Samson: Lack of Financial Managers Bane Business Failures

Samson: Lack of Financial Managers Bane Business Failures

Following the high terminal rate of businesses in the country, Osifo Samson, an accountant and financial management expert in this interview with Segun James stresses the need for a new financial management structure. Excerpts:

What are the causes of business failures in the country and what are the roles of financial managers in these failures?

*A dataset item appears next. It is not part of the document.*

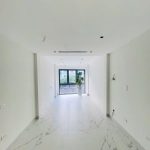  33m2 - 7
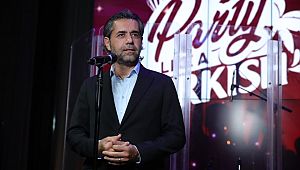 Turizmciden Bakan Ersoy'a sitem dolu mektup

Well, we have to understand what financial managers do. If you want to succeed in any business at all, you need to have an understanding of how to manage your resources. Financial managers are just managers trained to manage resources and utilise those resources effectively in relating to the activities of that organisation in order to achieve the goals of that organisation. Now every organisation has a target. But to actualise those targets, you need resources. How do you generate such resources, and if these are generated, how do you manage them? These activities primarily involve financial managers. You must understand that managing resources is more difficult than sourcing for resources. For instance, I can go to the public market to source for resources or I can go to a bank to source for resources, but the most important aspect is how do I manage these resources effectively. That is the issue.

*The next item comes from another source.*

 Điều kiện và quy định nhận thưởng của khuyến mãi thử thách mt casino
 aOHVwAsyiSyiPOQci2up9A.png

Now, “managing resources effectively,” in the African setting is an issue because we apply sentiments to a lot of decisions. If it is a one-man business, more sentiment applies. The individual comes and begins to tell you he needs some money “xyz” off balance, before you know it, you will find found out that the individual is spending more income of the company personally in opposite to what will improve and promote income of the company. That will lead to a deficit, eventually. The bottom line in this is that the objectives and goals of the company can no longer be met. So it will eventually lead to liquidation. The same thing applies to other businesses including government-owned companies and parastatals. If you cannot manage any resources very well, there are tendencies for the goals and objectives of that organisation to fail. For a company to fail by not managing its finances very well depends on so many factors.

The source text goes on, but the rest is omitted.